A few groups take recyclables to a depot for neighbors who are unwilling or unable to make the trip. Harrisonburg resident Art Fovargue, who launched a neighborhood network to take residents’ recyclables to the drop-off center, posts notices on social media asking neighbors to bring their recyclables to his home before he goes.
“I hate to see a lot of people driving there individually and wasting the gas to take their one or two bins of recycling … I’m just a concerned citizen,” Fovargue said. “I feel it’s important to make our contribution, and of course it saves landfill space.”
Patel also pointed out a community nonprofit’s grassroots collection effort in Harrisonburg.
“Their concept is neat because they’re [getting around by] using bicycles. It’s completely zero emissions — the least carbon footprint possible. We [at the city] don’t have a way of doing that,” he said.
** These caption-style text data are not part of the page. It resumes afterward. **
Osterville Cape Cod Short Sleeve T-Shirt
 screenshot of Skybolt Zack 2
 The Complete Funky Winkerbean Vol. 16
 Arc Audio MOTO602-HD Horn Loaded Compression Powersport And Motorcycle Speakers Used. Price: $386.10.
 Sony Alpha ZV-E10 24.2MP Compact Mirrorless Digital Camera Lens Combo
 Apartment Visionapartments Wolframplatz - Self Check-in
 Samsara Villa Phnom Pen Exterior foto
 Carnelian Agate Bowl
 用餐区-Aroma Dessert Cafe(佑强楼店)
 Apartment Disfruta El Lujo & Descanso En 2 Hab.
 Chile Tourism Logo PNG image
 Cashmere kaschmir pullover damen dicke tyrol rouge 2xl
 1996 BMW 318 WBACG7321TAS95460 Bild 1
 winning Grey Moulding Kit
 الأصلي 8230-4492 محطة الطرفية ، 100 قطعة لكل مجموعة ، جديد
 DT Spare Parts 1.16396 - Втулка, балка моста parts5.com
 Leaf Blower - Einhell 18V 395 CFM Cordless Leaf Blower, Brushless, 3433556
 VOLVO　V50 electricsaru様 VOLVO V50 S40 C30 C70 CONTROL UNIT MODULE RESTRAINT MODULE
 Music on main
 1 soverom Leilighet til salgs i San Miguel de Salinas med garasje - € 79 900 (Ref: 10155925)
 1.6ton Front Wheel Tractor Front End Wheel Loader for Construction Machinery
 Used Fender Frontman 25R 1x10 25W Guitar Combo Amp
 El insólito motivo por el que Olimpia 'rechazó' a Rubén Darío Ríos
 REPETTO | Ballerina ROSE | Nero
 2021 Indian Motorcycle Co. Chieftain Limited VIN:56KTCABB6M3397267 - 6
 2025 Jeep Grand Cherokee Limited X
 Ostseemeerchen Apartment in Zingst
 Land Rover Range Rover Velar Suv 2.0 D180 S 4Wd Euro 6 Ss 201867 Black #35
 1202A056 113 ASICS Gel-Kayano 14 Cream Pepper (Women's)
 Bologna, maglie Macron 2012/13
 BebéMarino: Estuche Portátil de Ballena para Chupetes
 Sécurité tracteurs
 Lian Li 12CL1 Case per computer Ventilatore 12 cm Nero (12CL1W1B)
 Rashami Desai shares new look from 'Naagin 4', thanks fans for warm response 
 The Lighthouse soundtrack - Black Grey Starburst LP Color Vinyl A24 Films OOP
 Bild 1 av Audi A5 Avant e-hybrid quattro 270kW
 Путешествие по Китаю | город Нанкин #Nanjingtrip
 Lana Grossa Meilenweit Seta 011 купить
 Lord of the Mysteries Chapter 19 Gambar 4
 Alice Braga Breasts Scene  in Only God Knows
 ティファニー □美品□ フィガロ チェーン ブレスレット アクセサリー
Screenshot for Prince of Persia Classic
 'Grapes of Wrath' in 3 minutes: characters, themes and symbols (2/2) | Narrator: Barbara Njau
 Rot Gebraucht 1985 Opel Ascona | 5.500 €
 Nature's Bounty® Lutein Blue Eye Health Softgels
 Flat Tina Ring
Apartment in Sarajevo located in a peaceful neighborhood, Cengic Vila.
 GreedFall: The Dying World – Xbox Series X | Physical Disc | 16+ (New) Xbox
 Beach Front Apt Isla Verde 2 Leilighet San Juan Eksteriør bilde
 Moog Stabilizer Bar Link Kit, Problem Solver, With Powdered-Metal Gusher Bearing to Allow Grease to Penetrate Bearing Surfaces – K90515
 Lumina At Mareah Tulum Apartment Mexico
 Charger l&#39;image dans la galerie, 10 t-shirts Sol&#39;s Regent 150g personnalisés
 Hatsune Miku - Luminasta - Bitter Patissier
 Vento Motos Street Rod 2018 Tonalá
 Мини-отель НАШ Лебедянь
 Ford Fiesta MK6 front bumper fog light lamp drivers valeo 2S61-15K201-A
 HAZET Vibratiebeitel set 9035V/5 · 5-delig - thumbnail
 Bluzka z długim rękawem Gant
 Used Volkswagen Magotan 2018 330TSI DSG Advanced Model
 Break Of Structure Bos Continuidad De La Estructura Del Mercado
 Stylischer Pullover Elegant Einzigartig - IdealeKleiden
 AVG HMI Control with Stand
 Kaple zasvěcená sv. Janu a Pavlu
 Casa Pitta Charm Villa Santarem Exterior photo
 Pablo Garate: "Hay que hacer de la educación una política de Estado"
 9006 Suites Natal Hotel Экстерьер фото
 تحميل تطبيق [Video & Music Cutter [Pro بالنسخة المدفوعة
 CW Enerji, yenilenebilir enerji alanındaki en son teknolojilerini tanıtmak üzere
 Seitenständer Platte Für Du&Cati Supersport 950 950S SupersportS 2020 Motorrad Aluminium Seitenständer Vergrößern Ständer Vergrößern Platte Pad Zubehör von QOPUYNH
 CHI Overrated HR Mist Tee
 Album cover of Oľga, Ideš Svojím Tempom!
Residents are also finding ways to adjust to the loss of their curbside program in Milton-Freewater. “The first few weeks or months, we got a lot of complaints. But now … the people who want to recycle are just happy they have a place to go,” said Steadman. Similar to Harrisonburg’s informal community collection networks, “I do think there are probably some neighbors helping each other out like that,” he said.
“Yes, that’s whats happening here, too… A lot of people are doing that,” Leebrick affirmed of Medford and neighboring communities.
Local businesses are also helping community-wide recycling efforts stay alive, with grocery stores in Medford sponsoring glass recycling drop-off events in their parking lots. “That may not work in urban areas, but in rural areas, everyone goes to the grocery store,” Leebrick said.
Leaders in each city must do what’s best for their own community, Patel said. “If you cut [recycling programs] off completely, it’s always difficult to re-educate your citizens and to go back to some type of recycling program.”
Rogue Waste Systems recognized that difficulty and opted to continue collecting. At the same time, it worked with the state Department of Environmental Quality to landfill the recovered materials for a time, which “we did not like at all as a long-term option,” Leebrick said. “But we, at that time, wanted to make sure people didn’t completely lose faith in curbside recycling and disconnect from it entirely, so we opted to keep collecting.”
The costs associated with educational programs when launching — or relaunching — a recycling program can be more prohibitive than some small cities anticipate. Recycling professionals recommend weighing the long-term costs of restarting a canceled program as well as the short-term cost increases associated with market changes.
“If you can figure out a way to limit your costs now by having a program within your budget means, at least do something to keep it in your citizens’ minds,” Patel said. When markets stabilize and “you have the ability to go back to curbside or a little more robust program … it’s not a huge learning curve to ramp it up again.”
“For the small towns, if they have a source-separated system in place — where the residents do the labor to separate it — it’s not perfect, but it’s a lot better,” NRRA’s Durfor observed.
For example, Rogue’s scaled-back commingled collection system, which emphasizes contamination removal, is viewed as a success, considering processors “have been accepting 100% of our material,” Leebrick said.
Durfor recommends that small cities anticipate their needs as far as 25 years down the road and invest in appropriate infrastructure now.
“Does it take time to put it in? Sure. Does it cost manpower? Sure. Is it better than throwing [material] away? Absolutely!” said Durfor. “If they can bale [separated materials] and ship them out in full loads, they’ll be fine.”